CSF Circulates through and around the CNS, Eventually Reaching the Venous System
The cerebrospinal fluid secreted by the choroid plexuses moves through the ventricular system (Fig. 5-3), pushed along by newly formed CSF. It leaves the fourth ventricle through the lateral and median apertures, moves through subarachnoid space until it reaches the arachnoid villi (most of which protrude into the superior sagittal sinus), and finally joins the venous circulation (Fig. 5-4).
Imaging Techniques Allow Both CNS and CSF To Be Visualized
CT Produces Maps of X-Ray Density
Rotating x-ray sources and detectors around someone’s head and systematically varying the center of rotation allows the construction of maps of x-ray density (THB6 Figure 5-14, p. 112). (Even though all modern tomography is a variant of computed tomography, folks usually use the term CT specifically to mean x-ray CT.) Just as with plain skull x-rays, bone is white and air is black (Fig. 5-5).

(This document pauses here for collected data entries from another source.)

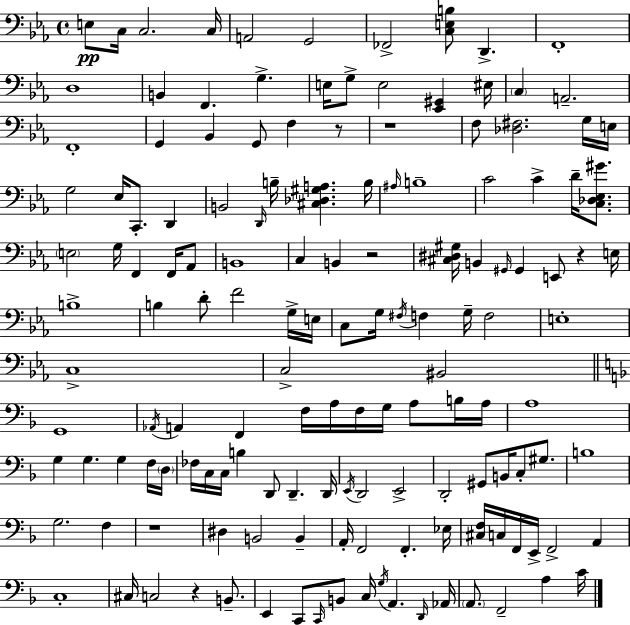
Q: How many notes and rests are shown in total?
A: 146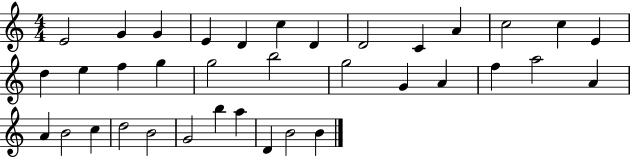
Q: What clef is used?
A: treble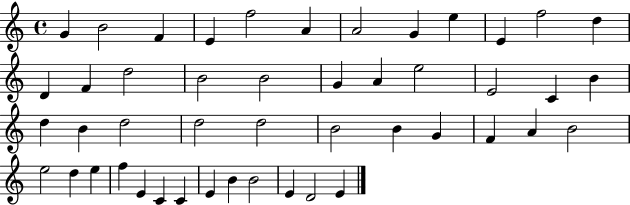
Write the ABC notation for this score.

X:1
T:Untitled
M:4/4
L:1/4
K:C
G B2 F E f2 A A2 G e E f2 d D F d2 B2 B2 G A e2 E2 C B d B d2 d2 d2 B2 B G F A B2 e2 d e f E C C E B B2 E D2 E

White matter, because of all the lipid, is less x-ray dense than gray matter and so is darker; CSF, which is mostly water, is darker still.

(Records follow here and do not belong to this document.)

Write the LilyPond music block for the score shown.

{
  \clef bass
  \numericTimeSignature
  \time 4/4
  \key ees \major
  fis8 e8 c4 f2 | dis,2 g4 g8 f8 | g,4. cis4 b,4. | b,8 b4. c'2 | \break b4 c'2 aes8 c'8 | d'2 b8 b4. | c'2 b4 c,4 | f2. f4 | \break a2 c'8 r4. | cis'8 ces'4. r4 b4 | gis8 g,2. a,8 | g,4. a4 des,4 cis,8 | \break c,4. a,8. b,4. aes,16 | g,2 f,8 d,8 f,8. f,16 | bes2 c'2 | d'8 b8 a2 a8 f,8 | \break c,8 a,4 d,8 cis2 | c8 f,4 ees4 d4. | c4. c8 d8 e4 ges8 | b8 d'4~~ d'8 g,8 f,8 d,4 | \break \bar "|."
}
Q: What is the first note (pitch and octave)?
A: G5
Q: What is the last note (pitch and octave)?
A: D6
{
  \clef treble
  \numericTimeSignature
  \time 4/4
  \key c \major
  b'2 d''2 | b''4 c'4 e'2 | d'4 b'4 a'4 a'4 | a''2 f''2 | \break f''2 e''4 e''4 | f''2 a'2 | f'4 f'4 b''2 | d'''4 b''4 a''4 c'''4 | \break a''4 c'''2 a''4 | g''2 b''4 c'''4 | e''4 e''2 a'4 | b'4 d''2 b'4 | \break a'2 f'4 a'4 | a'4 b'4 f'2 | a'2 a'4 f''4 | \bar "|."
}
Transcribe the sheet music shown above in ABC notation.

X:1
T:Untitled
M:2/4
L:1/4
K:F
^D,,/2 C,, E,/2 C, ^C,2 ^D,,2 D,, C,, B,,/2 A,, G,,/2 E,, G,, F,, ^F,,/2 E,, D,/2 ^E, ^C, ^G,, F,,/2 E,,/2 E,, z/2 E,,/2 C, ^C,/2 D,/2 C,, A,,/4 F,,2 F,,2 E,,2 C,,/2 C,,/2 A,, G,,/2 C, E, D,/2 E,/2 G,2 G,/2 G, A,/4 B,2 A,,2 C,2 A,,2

MRI Produces Maps of Water Concentration
Magnetic resonance imaging (MRI) is based on similar calculations but a fundamentally different signal—the re-emission of radio waves absorbed by atoms in a strong magnetic field. The most abundant source of such signals in the CNS is protons, mostly in water but also in other molecules. Because the free water concentration and the concentrations of other molecules varies in different parts of the CNS and adjoining areas, white matter, gray matter, and CSF all look different. Different time constants can be used to produce images with different appearances (Fig. 5-6), but areas with few protons, such as bone and air-filled cavities, give off little signal.